3.3. Desvíos de la fama

  • José Carlos Mariátegui

 

        1Poco a poco van apareciendo en el gesto, en el paso y en el continente del señor Balbuena la misma fatiga, la misma lasitud y el mismo desencanto que han aparecido en el gesto, en el paso y en el continente del señor Manzanilla. El señor Balbuena no habla, no va a Palacio, no coopera al abaratamiento de las subsistencias, no es aclamado por sus partidarios ni es recomendado en ninguna forma a la consideración pública. Ya ni siquiera se oye en el jirón de la Unión, en la puerta de una peluquería, de una confitería o de un periódico, su aguda risa estridente de avecilla alegre y venturosa.
        Podría suponerse que la juventud que se le escapa al señor Manzanilla se le escapa también al señor Balbuena. Que el mal que aqueja al maestro aqueja también al más amado de sus discípulos. Que, así como el señor Manzanilla y el señor Balbuena están identificados en el gozo, están también identificados en la pena.
        Pero no es así.
        Ocurre que la dolencia del señor Balbuena no es la dolencia del señor Manzanilla. No es que el enamorado corazón del discípulo tiembla de dolor porque se apaga el brillante alborozo del maestro. Es que el señor Balbuena siente que este es un momento hostil para su celebridad. Un momento en el cual no suena, no se le comenta, no se le mira y no se le busca. Un momento en el cual acaso solo nosotros, fidelísimos amigos suyos, desafiando el enojo del gran ciudadano don Juan Manuel Torres Balcázar, nos acordamos de él para quejarnos de que la popularidad no quiera rodearlo con sus favores.
        Mucho nos contraría que el señor Balbuena no esté en el pensamiento de las gentes, ni en los carteles de las esquinas, ni en las “cabezas” de los periódicos, ni en los gritos de los clubes, ni en el diario de los debates.

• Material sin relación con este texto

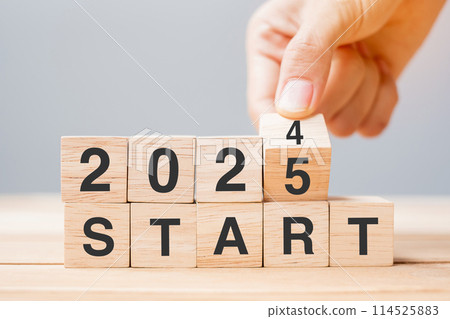 hand flipping block 2024 to 2025 START text on table. Resolution, strategy, goal, motivation, reboot, business and New Year holiday concepts 114525883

        Y, por esto, le decimos:
        —¡Vaya usted, doctor, a la Cámara!
        Y él nos responde con un tono de profunda decepción:
        —¡Si voy todos los días!
        Entonces le aconsejamos:
        —Bueno; pero no se calle. ¡Pronuncie algún discurso sensacional!
        Y se queda silencioso, pensativo e irresoluto.

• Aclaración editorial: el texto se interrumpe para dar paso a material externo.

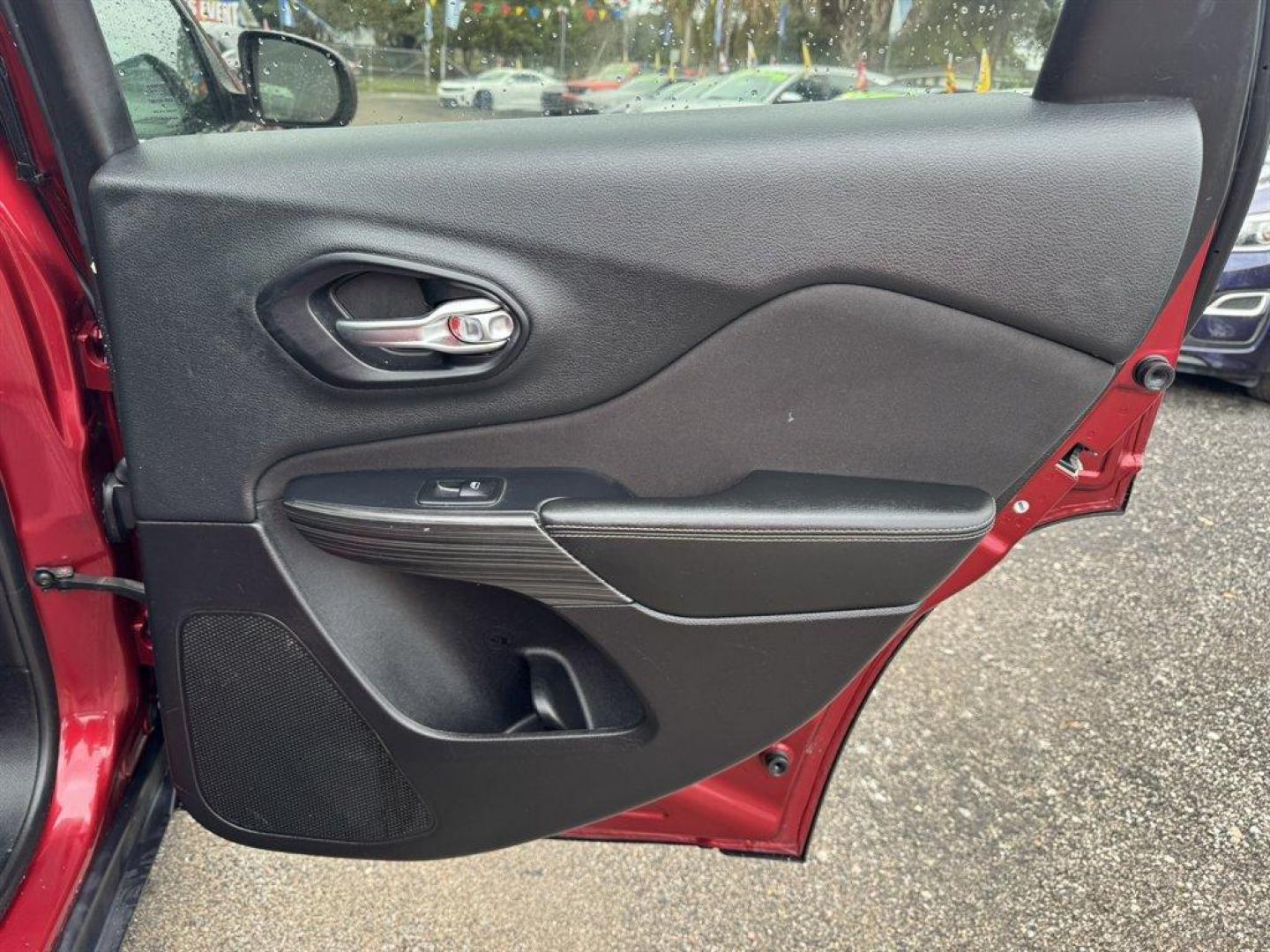 2015 Red /Black Jeep Cherokee (1C4PJMCSXFW) with an 3.2l V6 Smpi Dohc 3.2l engine, Automatic transmission, located at 745 East Steele Rd., West Columbia, SC, 29170, (803) 755-9148, 33.927212, -81.148483 - Special Internet Price! 2015 Jeep Cherokee - Photo#27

        Pasa en su raudo y lujoso automóvil ministerial el ministro bolchevique señor Víctor Maúrtua y nosotros se lo señalamos al señor Balbuena:
        —¡Interpele usted al señor Maúrtua! ¡Trabe usted con él sonora batalla oratoria! ¡Haga usted que la atención pública no se concentre solo alrededor del señor Maúrtua sino también alrededor de usted!
        Pero el señor Balbuena mueve la cabeza:
        —¡No puedo! ¡El señor Maúrtua es mi amigo! ¡Y para mí no es el ministro de Hacienda sino el ministro del pueblo! ¡Y yo no puedo estar contra el ministro del pueblo!
        Hondamente consternados nos tenemos, pues, que quedar con el convencimiento de que el señor Balbuena se halla en un momento de crisis para su fama, para su lustre, para su sonoridad. Él sabe que se le olvida. Pero no se rebela contra esta dura injusticia del destino.
        Le hacemos un último reproche:
        —¿Y por qué si quiera no le ha pronunciado usted un discurso de bienvenida al doctor Durand? ¿Por qué no ha proclamado usted la candidatura del doctor Durand a la presidencia de la República, así como el señor Salazar y Oyarzábal ha proclamado la candidatura del señor Leguía?